Bir de Reina’dan sonra daha da belirginleşen içeriye yani toplumsal bütünlüğümüze yönelik SAÇMALAMAMIZ var. Bu boyutta IŞİD (veya daha genel tanımla Aşırıcı Selefi) terörü Reina’dan sonra topyekûn ve ‘tek ses, tek nefes’ mücadele edilecek bir ‘virüs,’ bu ülke topraklarına ve halkına yabancı bir ‘dış düşman’ görmek yerine onu daha da ‘politize’ ederek hayat tarzımız ile ilgili tartışmalarımızın merkezine oturtuyoruz. İçe yönelik bu saçmalamamız da aslında marjinal, kıyıda köşede kalması gereken ‘Aşırıcı Selefi Terörü’ tam da merkeze, siyasi ve sosyal tartışmalarımızın göbeğine taşıyor. Reina ve Aşırıcı Selefi terör üzerinden laik-muhafazakâr, yeminli AKP taraftarı-yeminli AKP düşmanı, yerli-yabancı yarılması ileride hepimizi yakabilecek sonuçları olabilecek bir toplumsal akıl tutulması, yani kitlesel saçmalama hali. Bu saçmalama da toplumumuzda (özellikle gençler arasında) aşırıcı Selefi akımlara olan ilgiyi arttırıyor.

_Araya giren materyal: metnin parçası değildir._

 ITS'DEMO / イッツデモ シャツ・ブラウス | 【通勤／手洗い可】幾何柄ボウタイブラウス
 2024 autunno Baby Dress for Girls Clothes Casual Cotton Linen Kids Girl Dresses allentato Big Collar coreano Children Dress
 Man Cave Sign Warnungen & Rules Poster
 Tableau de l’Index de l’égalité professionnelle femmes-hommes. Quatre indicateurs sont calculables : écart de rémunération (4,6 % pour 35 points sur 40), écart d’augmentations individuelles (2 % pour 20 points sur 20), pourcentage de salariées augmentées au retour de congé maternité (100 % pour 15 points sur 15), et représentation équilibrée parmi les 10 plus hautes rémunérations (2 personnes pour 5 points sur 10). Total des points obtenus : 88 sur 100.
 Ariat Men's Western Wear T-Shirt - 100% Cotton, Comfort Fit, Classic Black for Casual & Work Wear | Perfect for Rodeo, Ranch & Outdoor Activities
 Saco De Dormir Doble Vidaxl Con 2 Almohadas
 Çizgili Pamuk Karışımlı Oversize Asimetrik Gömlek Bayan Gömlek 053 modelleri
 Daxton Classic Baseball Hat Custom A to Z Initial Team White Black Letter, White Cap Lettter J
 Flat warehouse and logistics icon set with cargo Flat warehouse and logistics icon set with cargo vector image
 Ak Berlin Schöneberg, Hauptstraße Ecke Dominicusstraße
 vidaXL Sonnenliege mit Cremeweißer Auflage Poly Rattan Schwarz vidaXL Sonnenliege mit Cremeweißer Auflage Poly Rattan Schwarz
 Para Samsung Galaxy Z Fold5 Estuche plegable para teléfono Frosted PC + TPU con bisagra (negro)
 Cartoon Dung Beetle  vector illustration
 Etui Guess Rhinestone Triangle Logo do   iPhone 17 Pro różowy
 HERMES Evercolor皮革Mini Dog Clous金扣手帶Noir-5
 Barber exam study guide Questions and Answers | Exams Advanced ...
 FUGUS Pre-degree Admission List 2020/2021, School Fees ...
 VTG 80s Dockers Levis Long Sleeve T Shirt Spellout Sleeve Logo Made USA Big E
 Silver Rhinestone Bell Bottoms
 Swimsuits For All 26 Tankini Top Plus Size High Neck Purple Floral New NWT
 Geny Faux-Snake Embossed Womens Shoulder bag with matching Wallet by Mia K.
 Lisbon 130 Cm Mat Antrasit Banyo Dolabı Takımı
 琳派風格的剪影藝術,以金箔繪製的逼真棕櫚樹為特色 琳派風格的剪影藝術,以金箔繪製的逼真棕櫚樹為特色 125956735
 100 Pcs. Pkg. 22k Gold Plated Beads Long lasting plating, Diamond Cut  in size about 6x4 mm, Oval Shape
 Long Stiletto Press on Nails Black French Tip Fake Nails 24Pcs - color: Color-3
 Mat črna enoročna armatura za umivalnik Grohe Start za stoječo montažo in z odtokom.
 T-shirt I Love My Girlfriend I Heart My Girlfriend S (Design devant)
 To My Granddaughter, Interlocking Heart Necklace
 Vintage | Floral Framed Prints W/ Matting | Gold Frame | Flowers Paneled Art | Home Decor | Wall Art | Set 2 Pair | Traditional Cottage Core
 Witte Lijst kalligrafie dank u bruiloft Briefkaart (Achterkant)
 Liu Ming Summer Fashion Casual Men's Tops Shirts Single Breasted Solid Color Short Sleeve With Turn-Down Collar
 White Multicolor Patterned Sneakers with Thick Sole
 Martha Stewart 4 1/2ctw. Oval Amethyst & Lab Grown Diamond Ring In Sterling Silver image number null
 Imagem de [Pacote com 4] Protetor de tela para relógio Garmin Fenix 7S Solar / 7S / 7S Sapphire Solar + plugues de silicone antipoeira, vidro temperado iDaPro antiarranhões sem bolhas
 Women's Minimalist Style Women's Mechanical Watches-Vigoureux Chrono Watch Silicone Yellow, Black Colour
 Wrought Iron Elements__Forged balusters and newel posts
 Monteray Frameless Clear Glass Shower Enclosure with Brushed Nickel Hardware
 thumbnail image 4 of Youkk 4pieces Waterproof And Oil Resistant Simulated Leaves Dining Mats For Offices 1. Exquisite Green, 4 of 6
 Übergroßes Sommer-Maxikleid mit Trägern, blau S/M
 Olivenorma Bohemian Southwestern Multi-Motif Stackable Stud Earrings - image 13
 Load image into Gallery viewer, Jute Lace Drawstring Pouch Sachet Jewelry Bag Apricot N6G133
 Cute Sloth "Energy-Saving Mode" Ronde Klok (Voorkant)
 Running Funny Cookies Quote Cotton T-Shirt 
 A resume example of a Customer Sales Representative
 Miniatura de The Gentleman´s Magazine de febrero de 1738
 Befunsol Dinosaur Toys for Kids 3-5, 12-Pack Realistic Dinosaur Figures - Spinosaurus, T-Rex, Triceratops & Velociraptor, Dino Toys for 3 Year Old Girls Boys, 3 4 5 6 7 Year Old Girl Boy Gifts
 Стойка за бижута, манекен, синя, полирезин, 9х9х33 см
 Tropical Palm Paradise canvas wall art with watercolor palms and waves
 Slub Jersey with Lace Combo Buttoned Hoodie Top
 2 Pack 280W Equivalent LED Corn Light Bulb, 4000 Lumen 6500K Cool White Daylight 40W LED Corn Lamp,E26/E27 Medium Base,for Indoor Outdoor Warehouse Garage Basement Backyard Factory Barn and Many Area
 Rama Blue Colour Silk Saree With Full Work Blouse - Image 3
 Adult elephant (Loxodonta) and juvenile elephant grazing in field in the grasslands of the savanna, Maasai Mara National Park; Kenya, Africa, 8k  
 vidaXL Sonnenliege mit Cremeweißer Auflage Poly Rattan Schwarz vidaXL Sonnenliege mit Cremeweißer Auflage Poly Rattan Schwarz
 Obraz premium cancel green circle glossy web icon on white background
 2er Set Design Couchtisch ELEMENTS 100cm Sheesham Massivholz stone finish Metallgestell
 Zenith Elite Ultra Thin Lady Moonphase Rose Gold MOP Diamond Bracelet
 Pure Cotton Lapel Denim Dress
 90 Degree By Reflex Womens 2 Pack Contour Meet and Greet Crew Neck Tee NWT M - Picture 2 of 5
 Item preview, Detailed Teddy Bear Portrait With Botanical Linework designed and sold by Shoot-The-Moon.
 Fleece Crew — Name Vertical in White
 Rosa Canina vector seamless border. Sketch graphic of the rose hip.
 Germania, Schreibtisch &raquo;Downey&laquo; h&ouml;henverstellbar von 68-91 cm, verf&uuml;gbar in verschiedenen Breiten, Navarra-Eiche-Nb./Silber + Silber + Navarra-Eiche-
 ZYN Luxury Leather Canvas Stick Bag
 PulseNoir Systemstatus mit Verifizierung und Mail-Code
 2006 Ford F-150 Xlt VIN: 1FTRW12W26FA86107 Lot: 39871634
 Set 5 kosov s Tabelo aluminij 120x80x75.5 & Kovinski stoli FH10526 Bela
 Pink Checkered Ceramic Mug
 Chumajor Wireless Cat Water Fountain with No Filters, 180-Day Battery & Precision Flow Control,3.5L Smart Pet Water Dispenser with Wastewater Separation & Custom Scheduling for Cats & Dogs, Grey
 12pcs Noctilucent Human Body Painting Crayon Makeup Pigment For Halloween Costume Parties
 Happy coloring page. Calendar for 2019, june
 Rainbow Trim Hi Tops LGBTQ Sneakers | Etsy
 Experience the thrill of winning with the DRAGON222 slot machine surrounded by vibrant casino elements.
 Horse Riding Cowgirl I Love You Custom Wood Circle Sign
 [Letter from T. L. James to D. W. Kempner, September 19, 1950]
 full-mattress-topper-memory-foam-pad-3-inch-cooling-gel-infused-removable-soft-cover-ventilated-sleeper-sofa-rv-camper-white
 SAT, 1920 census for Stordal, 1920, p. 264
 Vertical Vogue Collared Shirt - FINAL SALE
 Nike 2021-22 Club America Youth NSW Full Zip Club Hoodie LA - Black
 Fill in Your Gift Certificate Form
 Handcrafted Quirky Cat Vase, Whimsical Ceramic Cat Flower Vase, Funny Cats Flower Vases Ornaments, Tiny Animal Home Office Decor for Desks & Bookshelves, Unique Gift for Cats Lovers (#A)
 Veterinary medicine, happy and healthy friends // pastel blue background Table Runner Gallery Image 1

Kendinizi Çinli bir gazeteci olarak hayal edin

Şimdi yazımın konusu olan dışarıdan bakınca saçmalama boyutunu Reina saldırısı üzerinden incelemek isterim.

Önce lütfen kendinizi Reina saldırısını önce anlamak sonra haberleştirip ülkesine anlatmak isteyen Çinli bir gazeteci olarak hayal edin. Saldırı ile ilgili cevabını aradığınız sorular için insanlarla görüşüp, Türk siyasetçilerin açıklamalarını takip ediyorsunuz, Türk medyasında çıkan haber ve köşe yazılarını tercümanınızdan size çevirmesini istiyorsunuz. Ve de objektif olma adına Türkiye’de çıkan bütün gazeteleri, haber kanallarını ve ajanslarını tarıyorsunuz. Amacınız Türkiye’nin ‘ortak entelektüel aklının’ Reina saldırısını nasıl yorumladığını anlamaya çalışmak.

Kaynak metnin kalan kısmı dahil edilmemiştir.